■ Exercise inputs ■
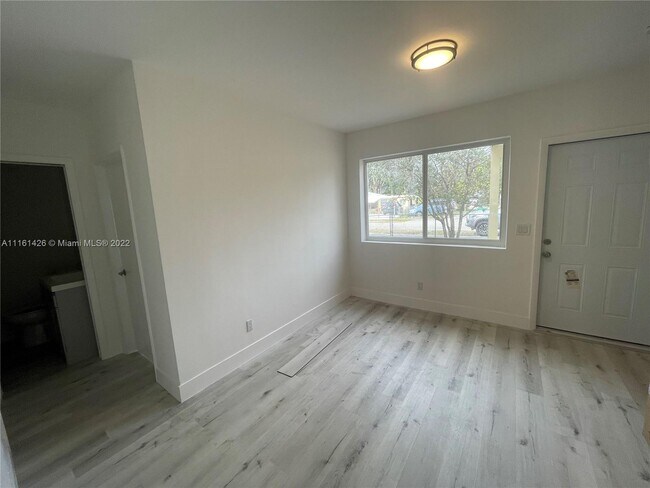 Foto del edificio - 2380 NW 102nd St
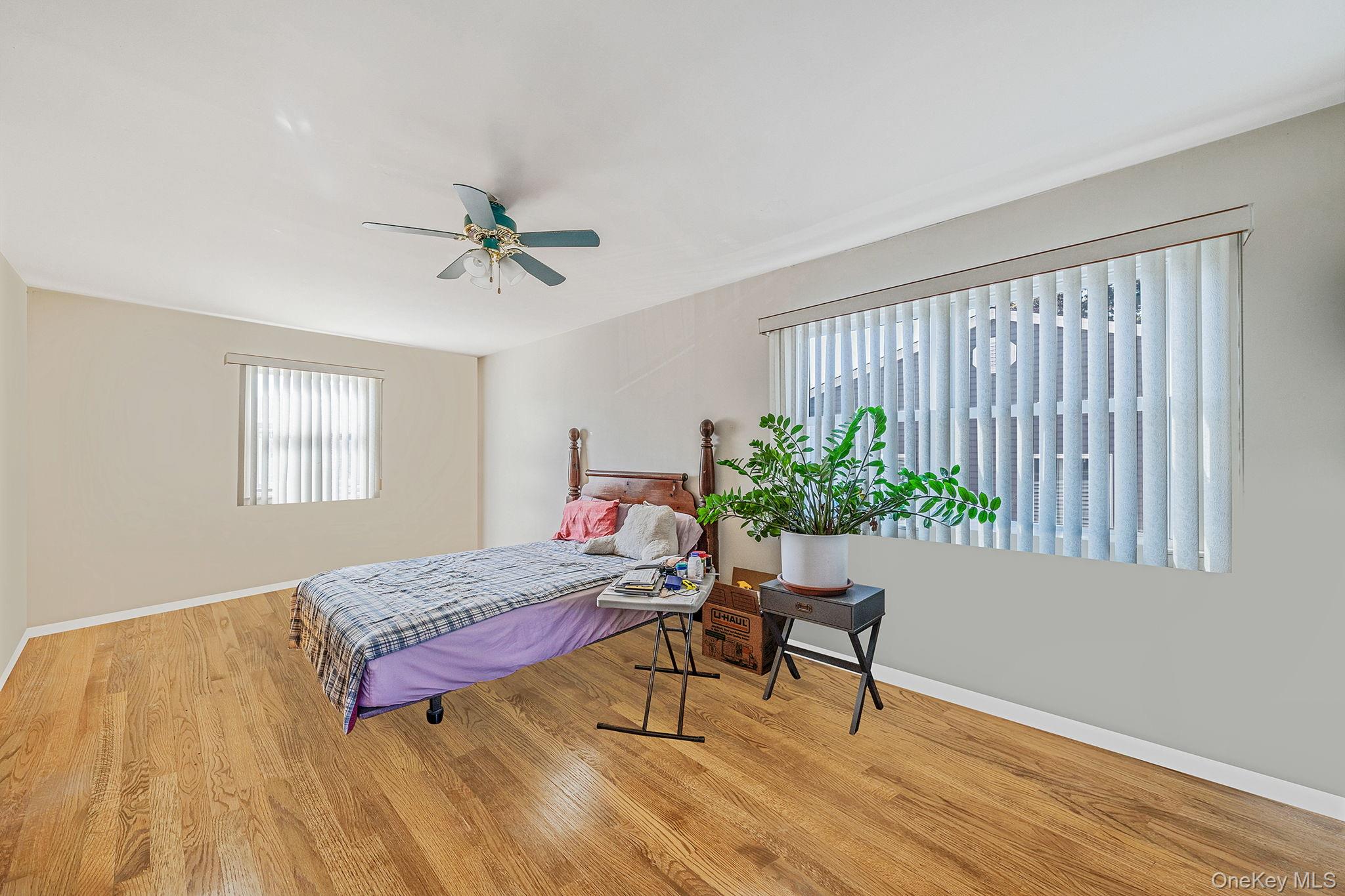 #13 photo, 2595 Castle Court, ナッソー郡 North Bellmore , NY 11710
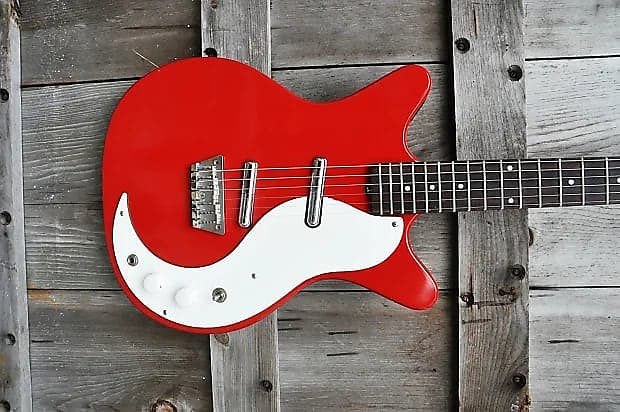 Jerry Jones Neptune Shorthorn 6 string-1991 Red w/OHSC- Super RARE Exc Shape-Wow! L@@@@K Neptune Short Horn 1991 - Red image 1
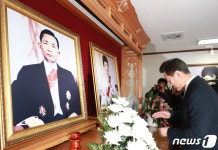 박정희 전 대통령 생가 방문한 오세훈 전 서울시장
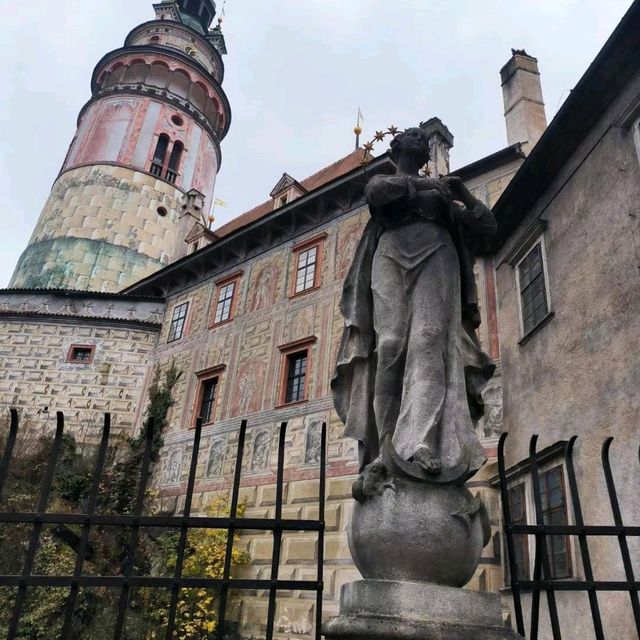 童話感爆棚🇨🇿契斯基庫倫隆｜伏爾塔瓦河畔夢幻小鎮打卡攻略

■ Problem details ■
Only the lines from the line that contains "박정희 전 대통령 생가 방문한 오세훈 전 서울시장" through the end of the entries are to be written out, exactly and without pictures, both ends included.

■ Completed exercise ■
 박정희 전 대통령 생가 방문한 오세훈 전 서울시장
 童話感爆棚🇨🇿契斯基庫倫隆｜伏爾塔瓦河畔夢幻小鎮打卡攻略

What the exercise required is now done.